Problem details
Transcribe, word for word, every line from the one containing "Sparkly Puffy V-Neck" through the final line of the records, and omit the pictures.
=== Begin Enclosure ===
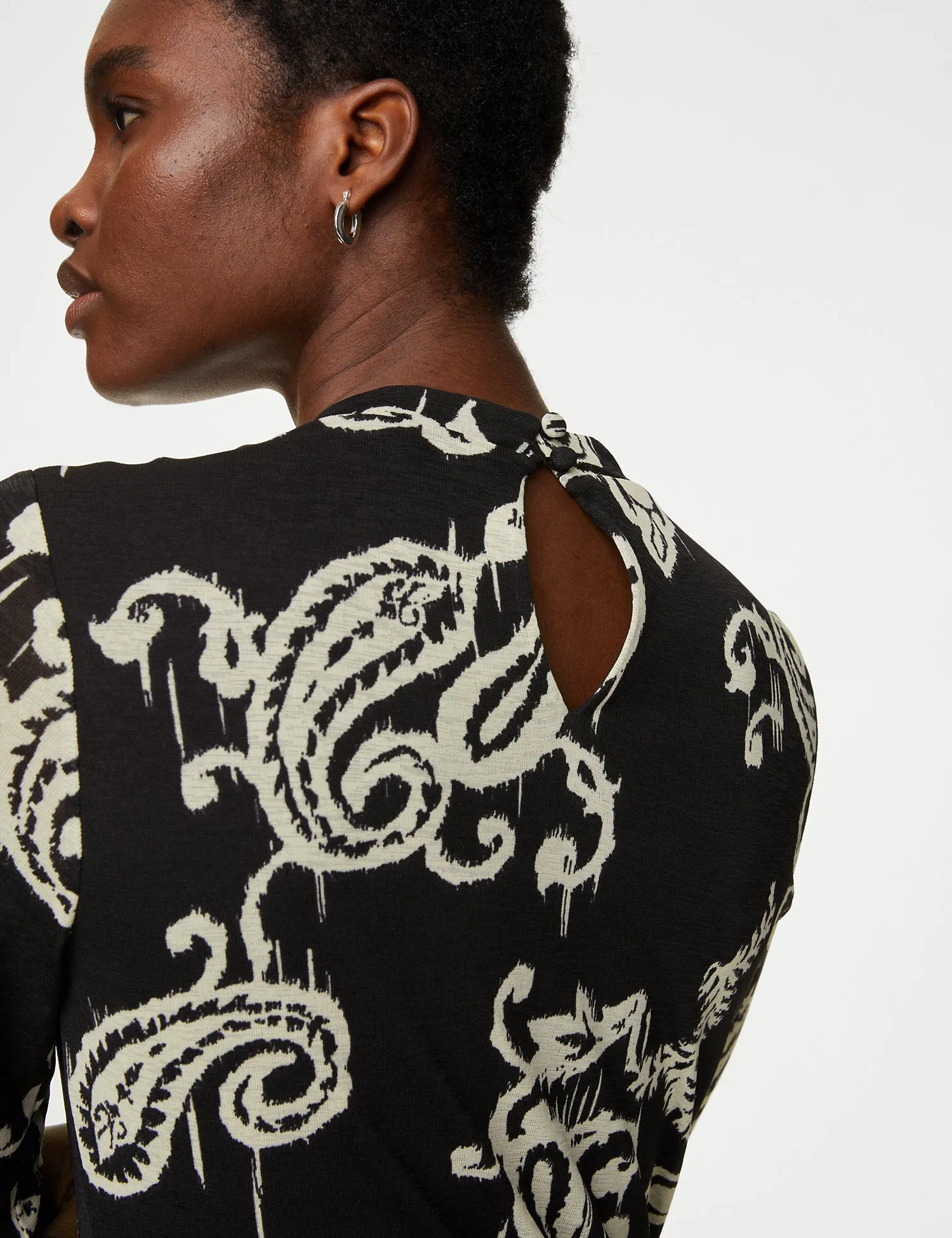 Jersey Printed Mesh Funnel Neck Midi Dress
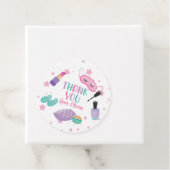 Sleepover slumber party roze paarse tween bedankjes labels (In situ)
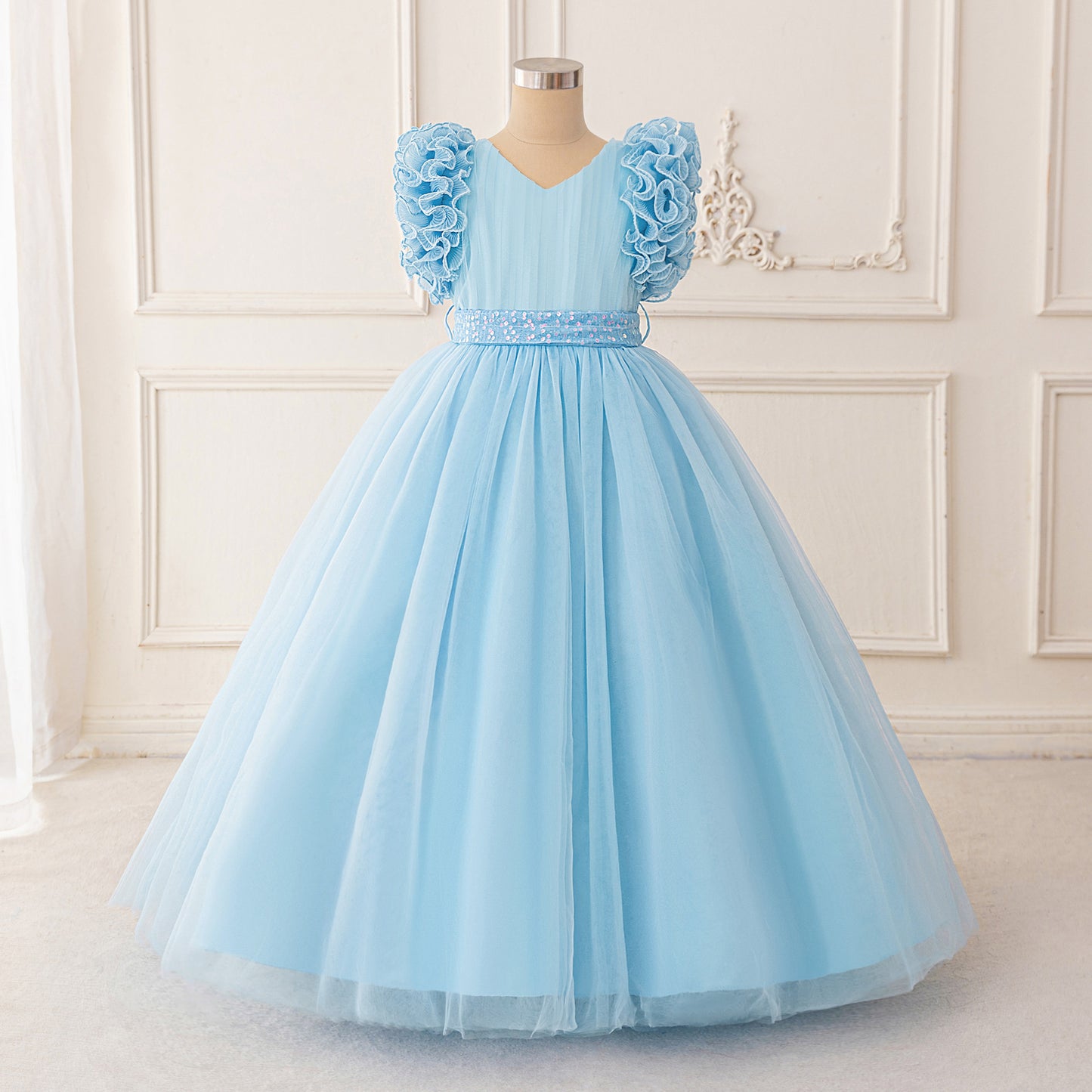 Sparkly Puffy V-Neck Ball Gown for Girls | Floor-Length Princess Dress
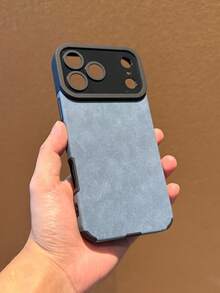 Luxury Matte Faux Leather Full Camera Lens Protection Phone Case, Compatible With 17/16/15/14/13/12/11 Pro Max Plus/17 Air, Lens Protection, Shock-Absorbing Soft Back Cover - Blue - View 5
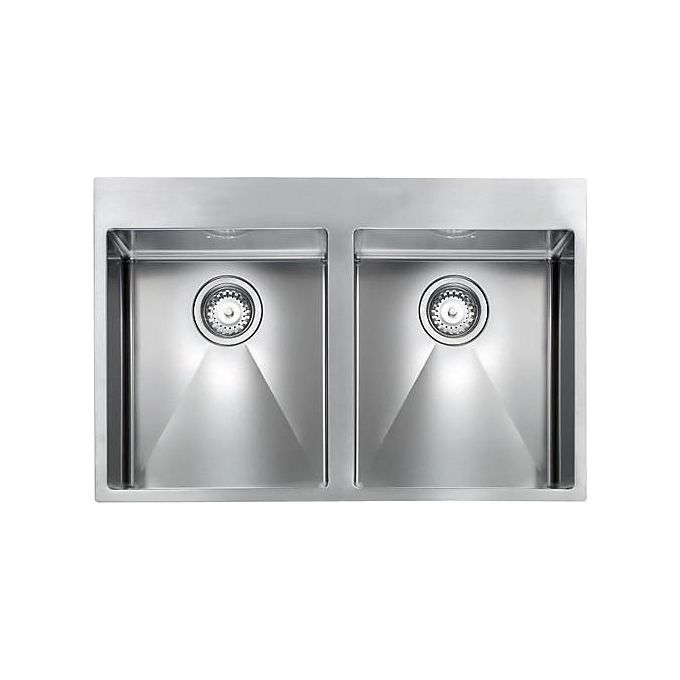 CM 012048XCSSP Serie Filoraggiato Mix 3'' Lavello Acciaio inox satinato da incasso Slim 2 Vasche 77X50cm
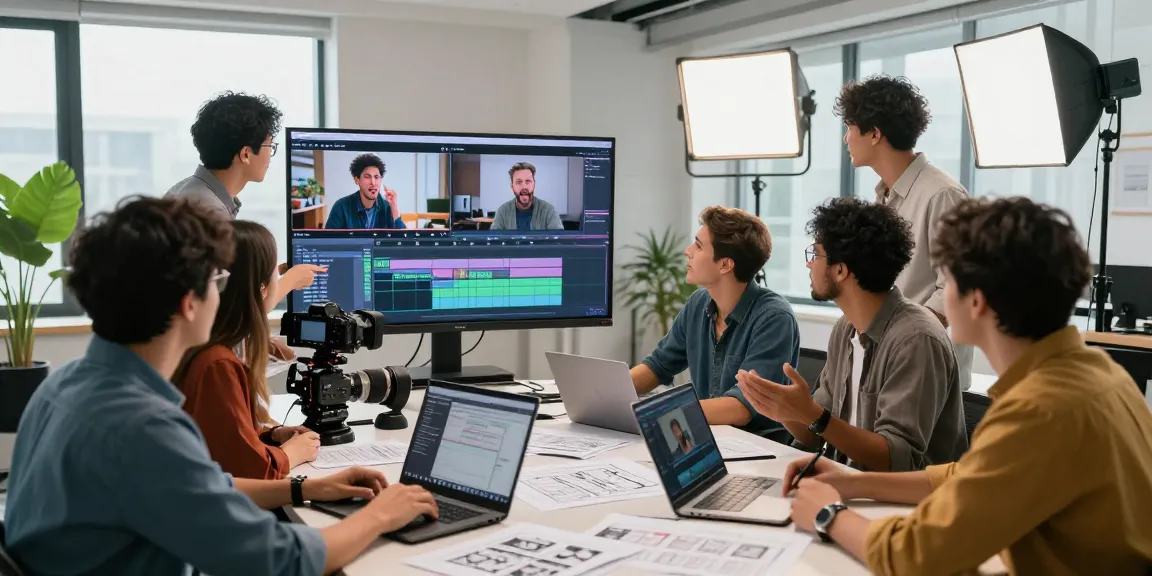 Engaging Singapore Corporate Video Production team collaborating in a modern studio.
=== End Enclosure ===
Result of this exercise
 Sparkly Puffy V-Neck Ball Gown for Girls | Floor-Length Princess Dress
 Luxury Matte Faux Leather Full Camera Lens Protection Phone Case, Compatible With 17/16/15/14/13/12/11 Pro Max Plus/17 Air, Lens Protection, Shock-Absorbing Soft Back Cover - Blue - View 5
 CM 012048XCSSP Serie Filoraggiato Mix 3'' Lavello Acciaio inox satinato da incasso Slim 2 Vasche 77X50cm
 Engaging Singapore Corporate Video Production team collaborating in a modern studio.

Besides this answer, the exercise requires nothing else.